■ Work required ■
Omitting the pictures, print every line below exactly as it stands.
*** Supplied material ***
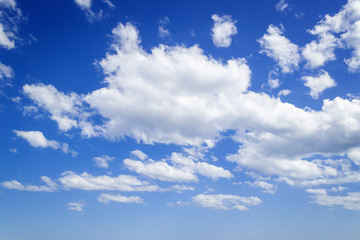 White fluffy clouds high in a bright blue sky on a sunny spring day. Crystal clear air, good weather.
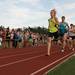 A group of runners on their first lap of the Saline High School track as they try to beat the recored for the fastest mile run in Michigan, Sunday, August, 4.
Courtney Sacco I AnnArbor.com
*** End of Supplied material ***
■ Problem solution ■
 White fluffy clouds high in a bright blue sky on a sunny spring day. Crystal clear air, good weather.
 A group of runners on their first lap of the Saline High School track as they try to beat the recored for the fastest mile run in Michigan, Sunday, August, 4.
Courtney Sacco I AnnArbor.com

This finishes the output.